La question qui se posait avant la première de Nabucco, ouvrage qui n’avait pas été donné à l’Opéra de Québec depuis 1995, était la suivante : le tube « Va, pensiero » allait-il suffire à attirer les foules pour entendre un opéra verdien de jeunesse d’un intérêt dramatique plutôt quelconque ? En termes d’assistance, la réponse est certainement positive, la salle Louis-Fréchette étant quasi pleine pour la première représentation. Sur le plan artistique, la réussite s’impose avec passablement moins d’évidence.

Après les splendides décors de Werther l’automne passé, l’habillage scénique de Nabucco est on ne peut plus famélique et se résume à quelques tentures opaques où sont projetés des motifs architecturaux à l’antique aux couleurs généralement ternes. Pendant les changements de décors (on se demande d’ailleurs ce qu’il y a à changer…), le public patiente devant des brumes qui auraient eu davantage leur place dans un opéra « écossais » comme Lucia di Lammermoor ou Macbeth que sur les riantes rives de l’Euphrate.

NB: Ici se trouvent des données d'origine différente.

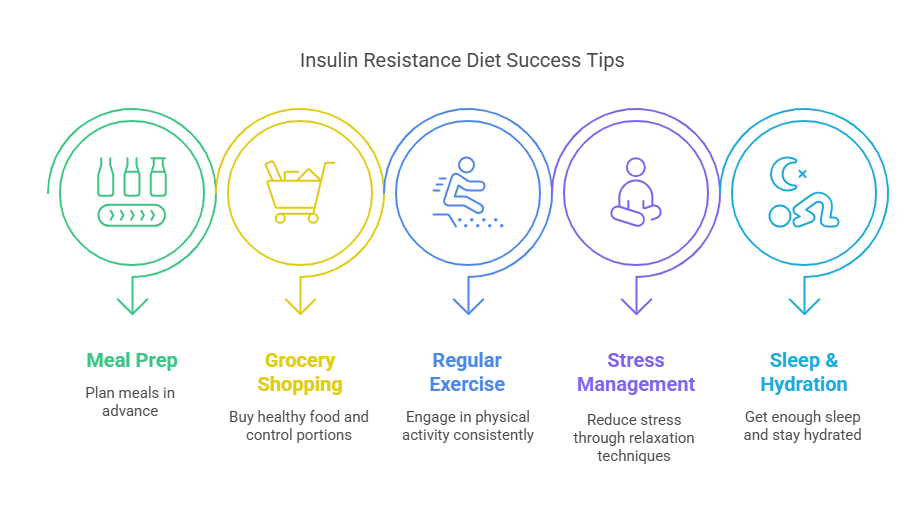 Infographic titled "Benefits of Krill Meat for Insulin Resistance" with a large dollar sign symbol at the center, divided into color-coded sections that correspond to key nutritional benefits listed on the right:

High Protein (teal green) – Helps maintain steady blood sugar levels.

Omega-3s (yellow-green) – Reduces inflammation and improves insulin sensitivity.

Low Calories and Carbs (blue) – Supports weight loss efforts.

Antioxidants (purple) – Provides cellular protection.

Essential Nutrients (magenta) – Contributes to overall health.

Easy to Digest (red) – Enhances nutrient absorption.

Seul le « Va, pensiero », chanté derrière un grillage à barbelés, fait vraiment image.

Actif autant en Europe qu'en Amérique du Nord, le metteur en scène manitobain Michael Cavanagh situe l’action à une époque plus ou moins actuelle, Nabucco étant une sorte de dictateur entouré d’une junte militaire avec pantalons de camouflage et bérets rouges. Si cette actualisation du drame biblique n’est pas sans pertinence, le statisme des chœurs et la direction d’acteur déficiente rend difficile l’identification aux protagonistes. On peine ainsi à croire à l’amour entre Fenena et Ismaele, la tentative de suicide de ce dernier au deuxième acte n’étant guère plus convaincante. La scène entre un Nabucco fou et Abigaille au troisième acte tourne quant à elle presque au vaudeville. La plupart du temps, on a l’impression que les chanteurs sont laissés à eux-mêmes et tentent peu ou prou de comprendre les motivations de leur personnage.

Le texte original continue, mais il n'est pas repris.